French-brasserie-style restaurants, even those as highly praised as the Michelin-starred Nico in San Francisco, are rarely know for their cocktails. And without a full liquor license, it was hard for Nico to see a way to achieve a menu with drinks as creative and compelling as its food.
Beverage director Maz Naba had a few ideas, though. After a number of false starts, he’s established a program that blends the culinary with the creative, forging a new way to think about cocktails.
Naba’s low-alcohol cocktail program was born out of necessity, since Nico doesn’t have a full liquor license, but it’s testing the limits of how to make flavorful yet quaffable drinks. Using vermouth as a base ingredient, Naba has developed recipes for a range of rotating, low-alcohol concoctions based on his own “spirits”: bourbon, gin, tequila, mezcal, rum, as well as cordials including creme de violette, curacao and others.

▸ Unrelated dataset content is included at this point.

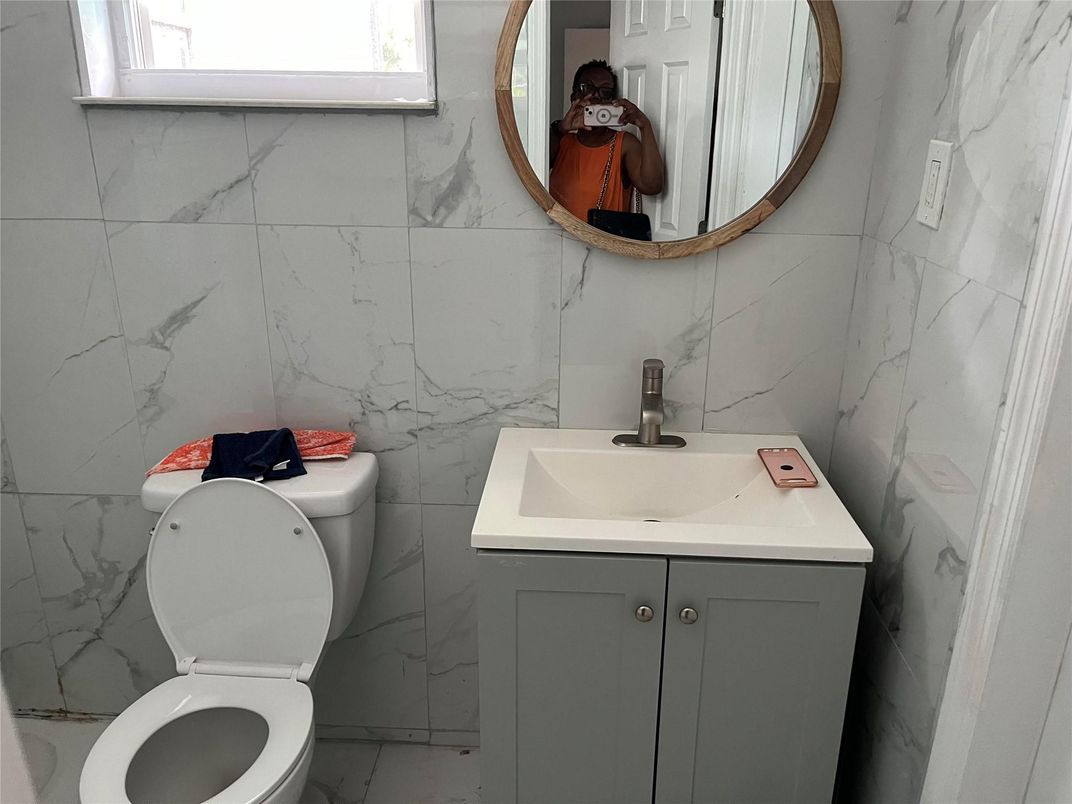 Bathroom, Interior, Marble Walls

After trying to create spirits with sake, and then sherry, the idea to use vermouth came to Naba in a dream.
“It’s kind of kitschy. I know, but that’s what happened,” he notes. “The next day, I came into work and tried to make my own bourbon.”
Naba covered some oak chips in sugar, torched them, adding vanilla bean and steeped the ingredients in dry vermouth. “It comes close to bourbon, but without the heat,” he says, “so then I started looking for cocktails to make with it.”
Among the changing “bourbon” drinks, Naba has concocted a New Fashioned, a take on the Old Fashioned with Tempus Fugit’s Alessio vermouth, a dash of Lillet Rouge and orange bitters.
For his gin, Naba starts with juniper berries and then forages the San Francisco region for Monterey cypress, wild fennel and bay leaf. With it, he makes Aviations, adding a house-made maraschino using hay and his own creme de violette.
The challenge is avoiding a similar flavor profile, since all are based on Noilly Pratt vermouth. The saké experiments resulted in “spirits” that shared a sweet rice flavor, and resulting cocktails that were unbalanced; the sherry versions were too nutty.
While there’s plenty of back-of-house work required to make the spirits and the cocktails, Naba offers just four different cocktails at a time, and they are all batched, bottled and ready for service. The cocktails don’t take much dilution, but the results are easy drinking and a perfect fit for the menu, he says.
Most important, they make a smooth fit with Nico’s cuisine, Naba says. “They add a new element to the dining experience for a place with a beer-and-wine-only menu.”
Pictured atop: Nico’s Between The Fireflies cocktail, with Curaçao, nasturtium, lime, and merengue.